Pregnant women with COVID-19 infection are at increased risk of admission to the intensive care unit, mechanical ventilation, and death. COVID-19 increases the likelihood of pregnancy complications such as premature birth, hypertension, and thromboembolic diseases. The Centers for Disease Control and Prevention (CDC) has listed pregnancy as a risk factor for severe COVID-19. The American College of Obstetricians and Gynecologists (ACOG), the Society for Maternal and Fetal Medicine (SMFM), and other women’s health organizations confirm the increased risk.

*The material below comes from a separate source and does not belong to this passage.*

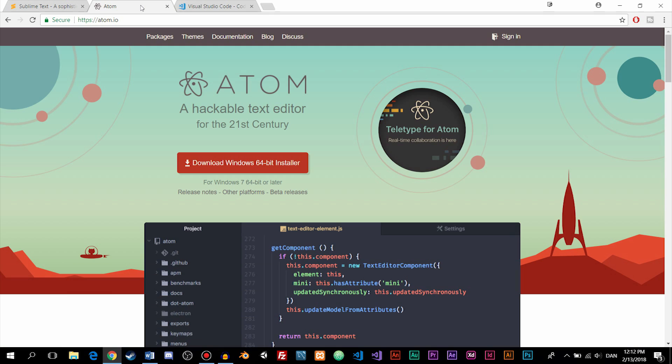The second editor we're going to be looking at is called Atom, which is also a free editor, but this one does not have any kind of annoying pop-ups or commercial version. This is also the text editor that I'm currently using on my channel when I teach programming. And both Sublime Text and Atom are very simple to get into and start using.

From the start of the COVID-19 pandemic to May 2021, more than 80,000 pregnant women have been infected with the coronavirus in the United States alone. The number of pregnant women infected with COVID-19 is likely to reach millions this year.

Coronavirus Disrupts The Transmission of Protective Antibodies Across the Placenta

The mother’s immune system plays a critical role during pregnancy, as the protection of the newborn from pathogens depends on the transfer of the maternal class G (IgG) antibodies across the placenta. For transmission through the placenta, the antibody must undergo glycosylation – to combine with a carbohydrate (glycan). COVID-19 changes the glycosylation profile and reduces the placental transfer of antibodies specific to SARS-CoV-2.

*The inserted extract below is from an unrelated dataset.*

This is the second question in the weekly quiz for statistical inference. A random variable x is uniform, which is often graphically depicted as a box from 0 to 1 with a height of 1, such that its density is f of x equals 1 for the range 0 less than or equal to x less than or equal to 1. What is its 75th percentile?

Newborns and infants are more likely to have severe or critical COVID-19 than older children. Therefore, the proper transmission of neutralizing antibodies is vital during pregnancy.

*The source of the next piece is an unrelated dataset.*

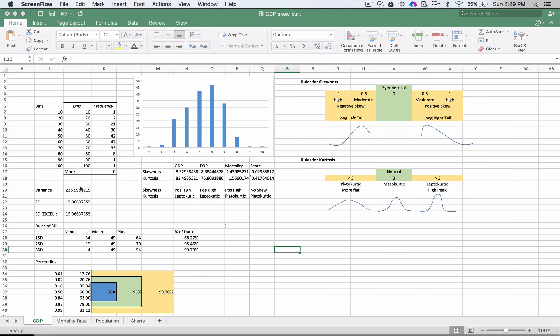Basically, what we're looking at is the skewness of the GDP, population, mortality, and score from the data set that we have.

Pregnant women were not included in any trials of coronavirus vaccines. However, due to the increased risk of severe COVID-19 and CDC pregnancy complications, the Israeli Ministry of Health and other health organizations have recommended offering pregnant women the COVID-19 vaccine. In Israel, the vaccination campaign for pregnant women began in December 2020.

Study of transplacental transmission of antibodies to SARS-CoV-2 after vaccination and natural infection

Israeli scientists evaluated how efficiently the maternal body produces antibodies to coronavirus and transmits them through the placenta after vaccination with the BNT162b2 mRNA vaccine (Pfizer-BioNTech) and during natural infection with SARS-CoV-2 during pregnancy. The researchers analyzed the vaccine-generated IgG and IgM antibody concentrations in maternal and umbilical cord blood samples taken at 105 births at 8 Israeli medical centers.

The study involved 1,094 pregnant women from all ethnic groups in Israel (~ 75% Jews, ~ 20% Arabs, ~ 5% others). Clinical parameters did not differ between groups, except for maternal age, significantly lower in the SARS-CoV-2 group than the other two groups.

The maternal and umbilical cord blood samples were divided into 3 groups:

  • 105 vaccinated;
  • 94 unvaccinated with past positive PCR results for SARS-CoV-2;
  • 895 unvaccinated with no confirmed SARS-CoV-2 infection.

After selection of participants based on clinical parameters, maternal and umbilical cord blood serology results were obtained for 213 mother-newborn pairs:

  • 86 vaccinated (3 of whom were PCR positive during pregnancy);
  • 65 unvaccinated with past positive PCR results;
  • 62 uninfected unvaccinated of the control group.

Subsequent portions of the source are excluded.